The utilization of WAG technology after waterflooding enhances the displacement coefficient. This results in the involvement of poorly permeable sections of the reservoir in the development process, by replacing oil with gas in their pore spaces. Additionally, the use of WAG technology facilitates a more uniform production of oil-saturated zones, as compared to the use of only waterflooding. This can be observed in the oil saturation cubes depicted in Figure 4.

Figure 4. Comparison between waterflooding and WAG in terms of oil saturation distribution

This particular method, illustrated in Figure 4a, allows for a larger area of the reservoir to be covered. It achieves this by either penetrating the poorly permeable zones and substituting gas with oil in their pores, or dissolving the gas in the oil (particularly in viscous oil). The outcome of this application is an improved oil recovery process, resulting in higher recovery factors when utilizing WAG.

During the initial phase of reservoir development in its natural state, the pressure within the reservoir decreases to 16 MPa (as shown in Fig. 5). Later on, when waterflooding is implemented, the reservoir undergoes a recovery process. However, when gas is injected, there is a sudden spike in reservoir pressure due to the expansion of the gas-oil mixture. This highlights the significant impact of the pressure regime and the dissolved gas regime. Thus, the effectiveness of water-gas stimulation is significantly influenced by the initial state of the reservoir system.

Figure 5. The change in reservoir pressure for an undersaturated reservoir

4. Conclusions

Water-gas stimulation may not be effective in gas-saturated reservoirs due to the rapid occurrence of gas breakthroughs. However, the effects of implementing WAG can be observed within 3-4 years and may lead to a 1-8% rise in overall oil production, contingent upon the timing of its implementation following waterflooding. The highest recorded increase of 8% was achieved by introducing WAG in the fifth year of development.

In general, cumulative production indicators with WAG are comparable to waterflooding. However, WAG may not be the best option due to the high development costs associated with the necessary technological equipment (Afzali, Rezaei & Zendehboudi 2018; Chang, Al-Obaidi & Patkin 2021).

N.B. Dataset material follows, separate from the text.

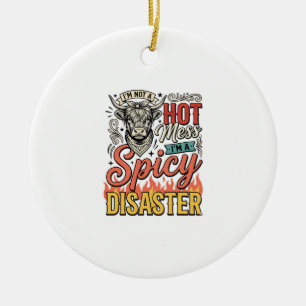 Spicy Disaster Highland Cow Vintage Western Shirt Ceramic Tree Decoration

At the same time, for reservoirs with low saturation pressure, which includes most Upper Jurassic formations, WAG is an effective method for increasing oil recovery. The WAG method is a highly effective technique that combines the advantageous properties of gas and water. While gas dissolves in the oil and increases the displacement coefficient, water boosts the sweep efficiency. As a result, the WAG method ensures a significant increase in the oil recovery coefficient compared to pure waterflooding. In this case, WAG injection can be used after waterflooding, but the waterflooding period should not be too long.

It is possible to increase oil recovery by up to 10% in Upper Jurassic reservoirs by using WAG (Water Alternating Gas) compared to conventional waterflooding. To maximize the potential of WAG as a tertiary method of enhancing oil recovery, it is recommended to operate the reservoir naturally for a long time, followed by waterflooding and the use of WAG in the second year after waterflooding. This approach has been proven to be highly effective in increasing oil recovery.